3) Approved height (600 feet)..it's definitely high enough to CTB and there have been numerous fatalities over the years. I did a lot of research and although they have hidden some names I was able to find the names of some women around my age who I identified with.. I researched them, felt for them, left flowers at their memorials in understanding of our shared pain. One was a young mother of three…

- Taos is far from my family and everyone I know… I thought being far away would make it easier… I also love the stark beauty of New Mexico..

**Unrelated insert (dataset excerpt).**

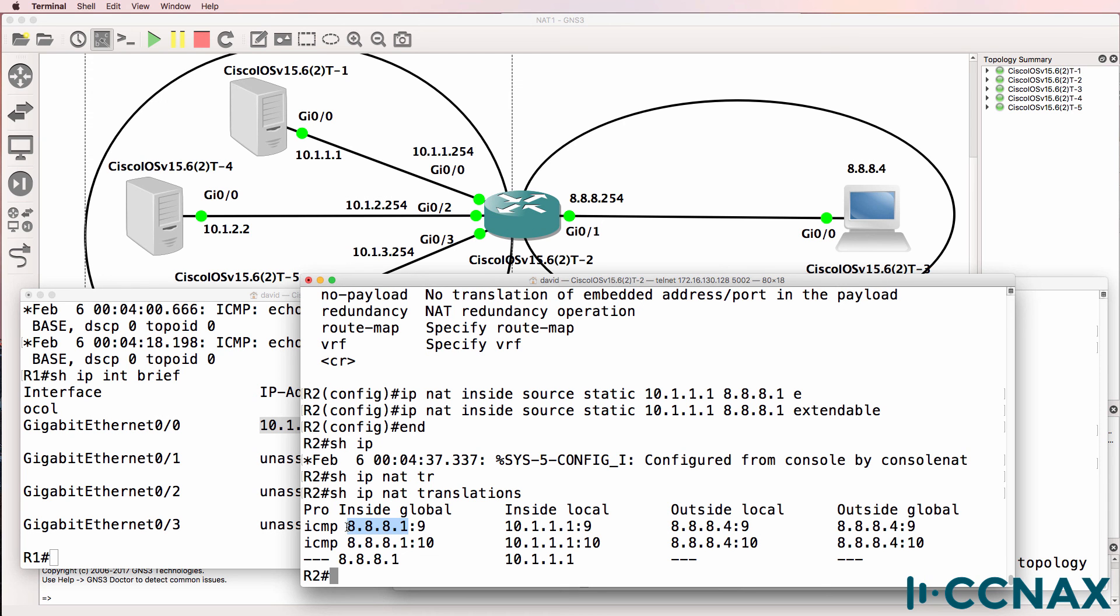This is the inside global address. In other words, this is the NATed address of that PC. This is the address of that PC when traffic is sent onto the internet.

I did a lot of research on this option before choosing to fly half way across the country and yet I still couldn't bring myself to do it.

A note on SI while jumping - I wanted to share the absolutely horrific coming and goings of the mind.

This was the first time I experienced SI to this extent - it was wild.

I have read here that SI is the strongest when jumping and now I understand why.

Especially from a height of 600 feet, your brain and body KNOWS it's guaranteed to CTB.

For the entire day while at the airbnb, and even driving up to the bridge I would feel SO sure, SO committed that today was the day I would CTB!

For months before, I also looked up the bridge to familiarize myself with every aspect of it.. so that there wouldn't be any surprises.

I would remind myself over and over - for hours on end - of all of the failings in my life and how there is no hope for me except for a life of loneliness and pain..

OF course this was the time to CTB. I just had to find the short window to do it in! Get a grip damnit.

But then, as soon as I got on the bridge and looked over - my body would just FREEZE.. I kept thinking this would go away, the more I visited the site and desensitized myself to it.. or if I waited until just before sunset when it was relatively empty.. but that wasn't the case. In some cases it got worse..

The thoughts going through my head would range from -

- this is such a beautiful site, how could I possibly do this here? God is showing me how beautiful life is, can't you see? You want to live!

- this is absolutely terrifying what were you thinking flying half way across the country you fool.

- how can you be so selfish and do this and traumatize others..especially families
with young children..

- think about the first responders and others that will be impacted by this.

- you are going to experience absolute terror every second on the way down which may feel like an eternity (from what I've read)

- you will never be released from your earthly suffering and will be damned to hell and repeated experience of falling to death for the rest of eternity (fear of judgement from God)

And then as soon as I would leave the bridge I would be determined to return the next day and try again… after day 7, I decided it was time to regroup and go home.

I am now looking into SN as a more humane way to CTB, I wish I had looked into it earlier but it seemed to be quite difficult to locate and requiring a lot of moving parts to get right. And I was running out of time - so jumping did seem like the right option at the time.

If I attempt jumping again, it will have to be at a much quieter location (Navajo Bridge in the US is another consideration), or from the balcony of a very tall hotel room.. where I have privacy if I hesitate and won't be detained..

I am now flying back home to regroup and figure out what my next attempt will be.

This was long, I know. I hope it helps someone contemplating the Rio Grande Gorge Bridge..and jumping in general.